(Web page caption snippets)

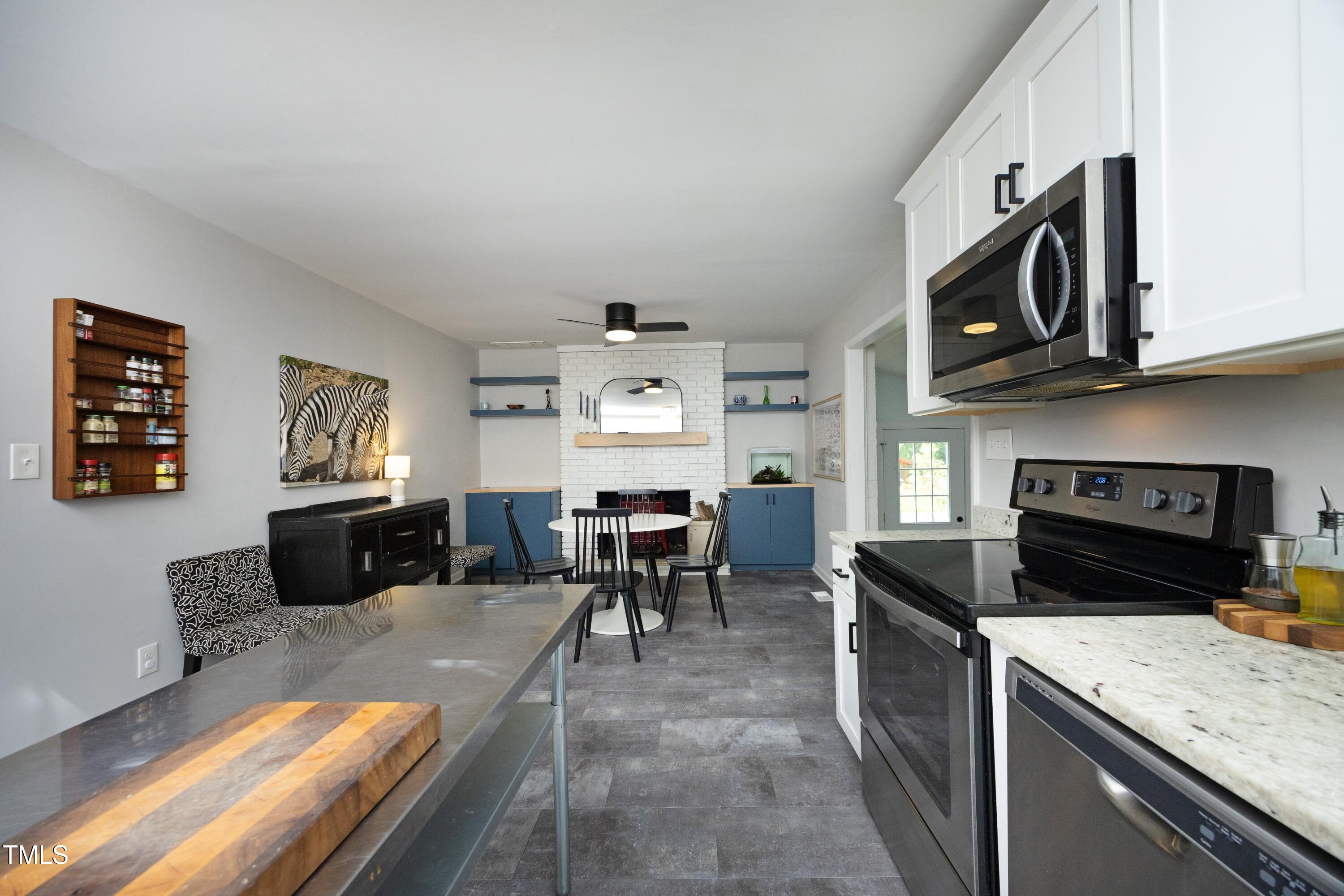 1004 Greenwich Street Raleigh, NC 27610 - Photo 14 of 33 14Kitchen_Dining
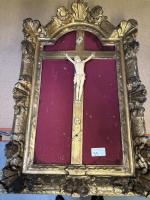 Un crucifix en bois doré à décor de fleurettes et...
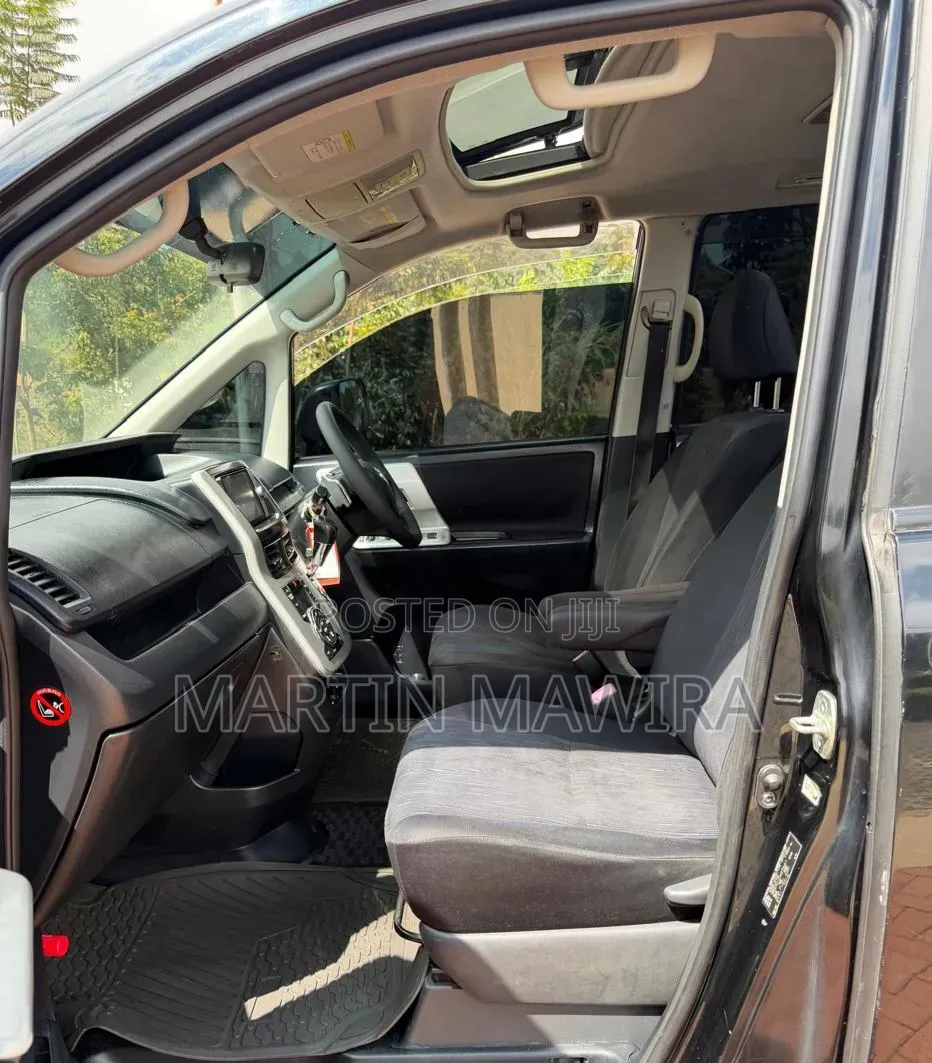Toyota Voxy 2011 Black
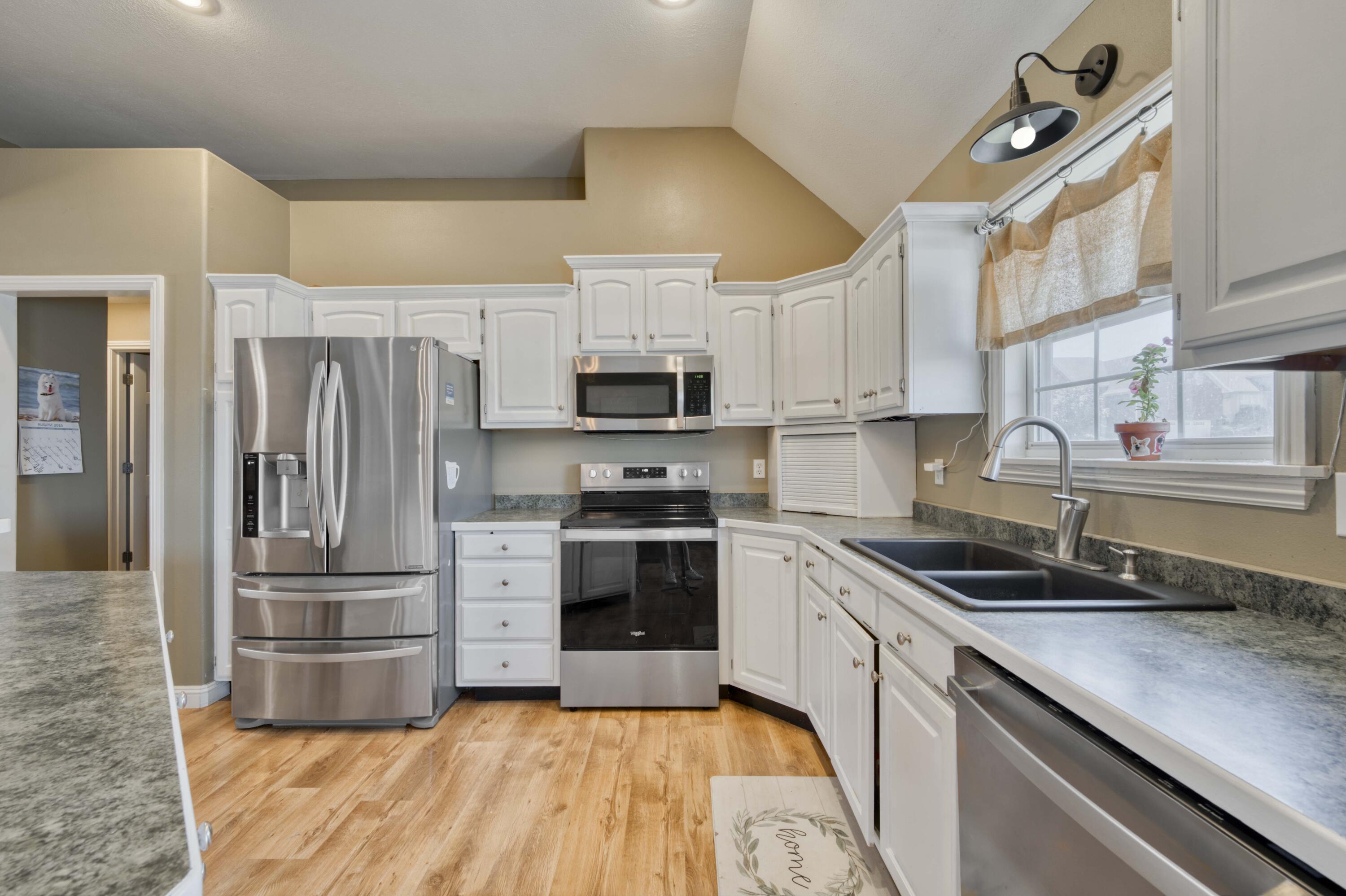 718 River Rock Court Property Photo 11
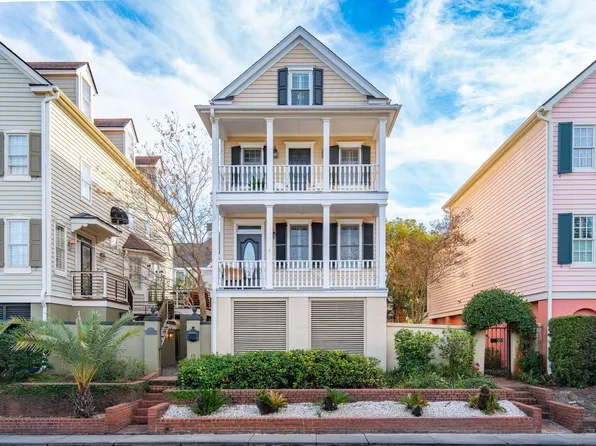 203 Wentworth St, Charleston, SC 29401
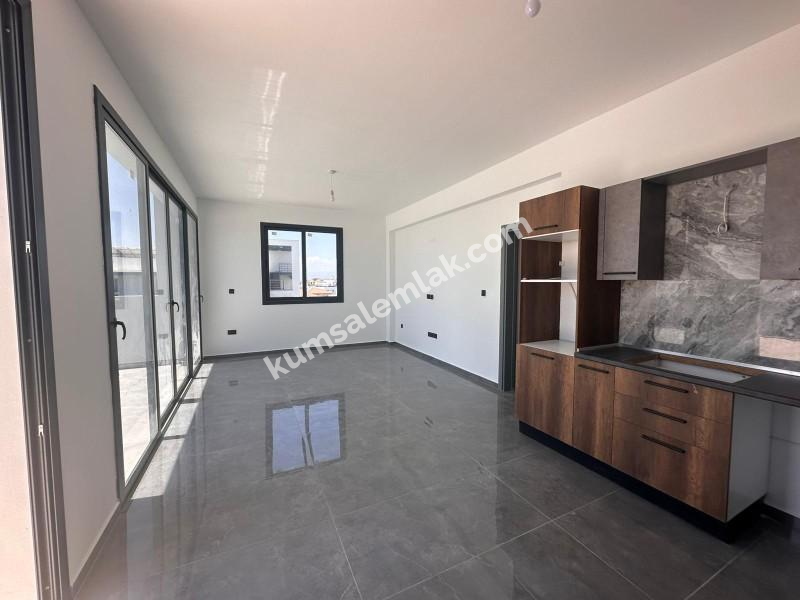 LEFKOŞA GÖNYELİ BÖLGESİNDE SATILIK  YENİ SIFIR TÜRK MALI  PENTHOUSE DAİRE 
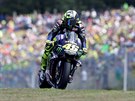Valentino Rossi, jezdec týmu Monster Energy Yamaha, jede závod MotoGP v Brn.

Task >> Leave the images aside and return the records above exactly as written.

Expected answer >>
 1004 Greenwich Street Raleigh, NC 27610 - Photo 14 of 33 14Kitchen_Dining
 Un crucifix en bois doré à décor de fleurettes et...
Toyota Voxy 2011 Black
 718 River Rock Court Property Photo 11
 203 Wentworth St, Charleston, SC 29401
 LEFKOŞA GÖNYELİ BÖLGESİNDE SATILIK  YENİ SIFIR TÜRK MALI  PENTHOUSE DAİRE 
Valentino Rossi, jezdec týmu Monster Energy Yamaha, jede závod MotoGP v Brn.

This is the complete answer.